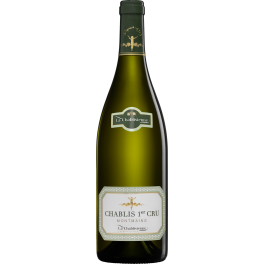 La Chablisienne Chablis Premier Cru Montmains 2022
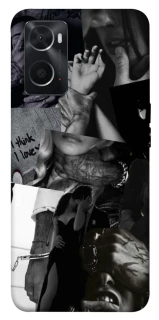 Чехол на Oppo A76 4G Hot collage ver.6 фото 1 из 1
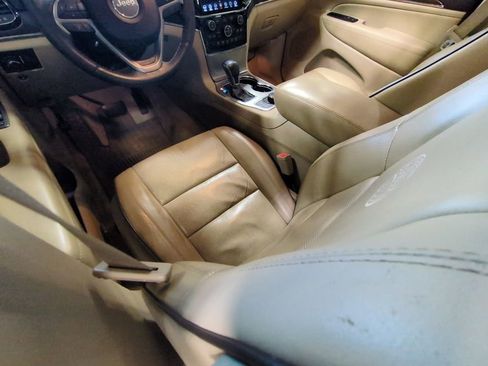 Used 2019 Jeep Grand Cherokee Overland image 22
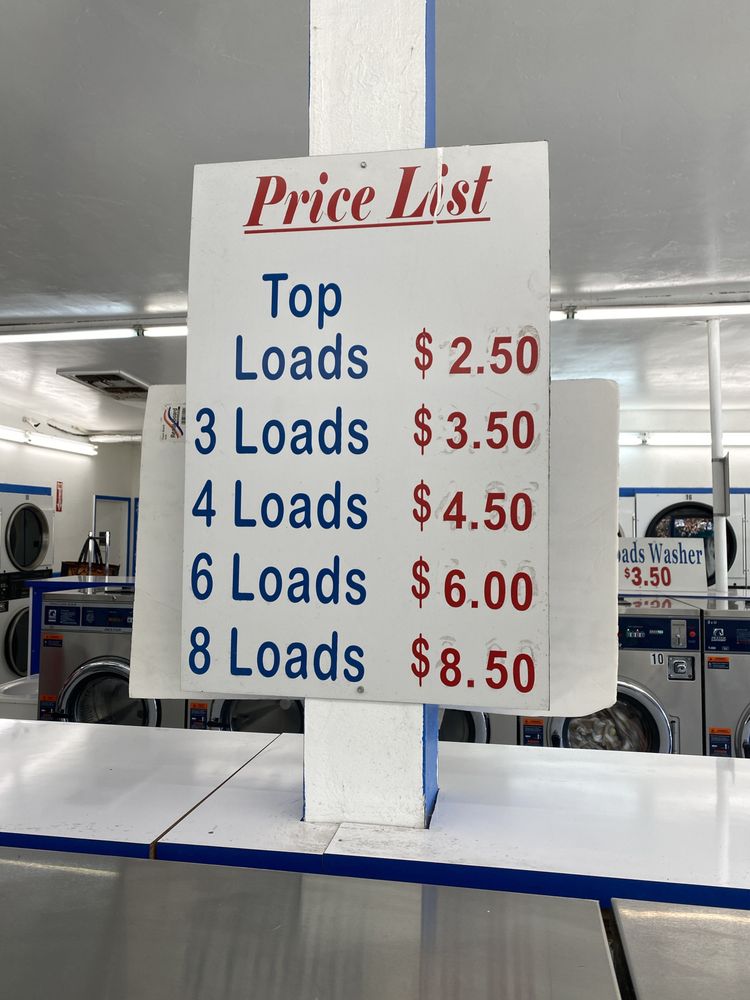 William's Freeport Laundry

━━━━━━━━

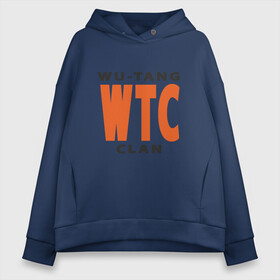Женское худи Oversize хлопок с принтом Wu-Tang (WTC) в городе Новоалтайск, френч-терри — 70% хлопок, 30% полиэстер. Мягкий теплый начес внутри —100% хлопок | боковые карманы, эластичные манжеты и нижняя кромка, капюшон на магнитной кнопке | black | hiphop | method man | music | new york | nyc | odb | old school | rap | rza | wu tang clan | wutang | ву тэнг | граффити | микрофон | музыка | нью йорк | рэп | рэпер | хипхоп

━━━━━━━━

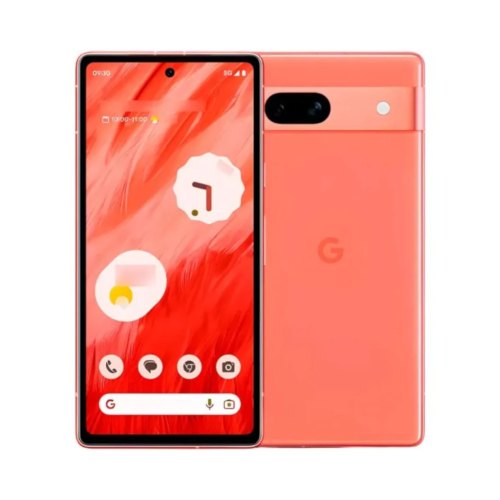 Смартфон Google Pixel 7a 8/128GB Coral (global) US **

━━━━━━━━

▶ _TASK INSTRUCTIONS_
Transcribe, word for word, the lines of the listing above from the one that contains "Used 2019 Jeep" through the one that contains "William's Freeport Laundry", keeping both ends and dropping the pictures.

▶ _SOLUTION TO THIS PROBLEM_
 Used 2019 Jeep Grand Cherokee Overland image 22
 William's Freeport Laundry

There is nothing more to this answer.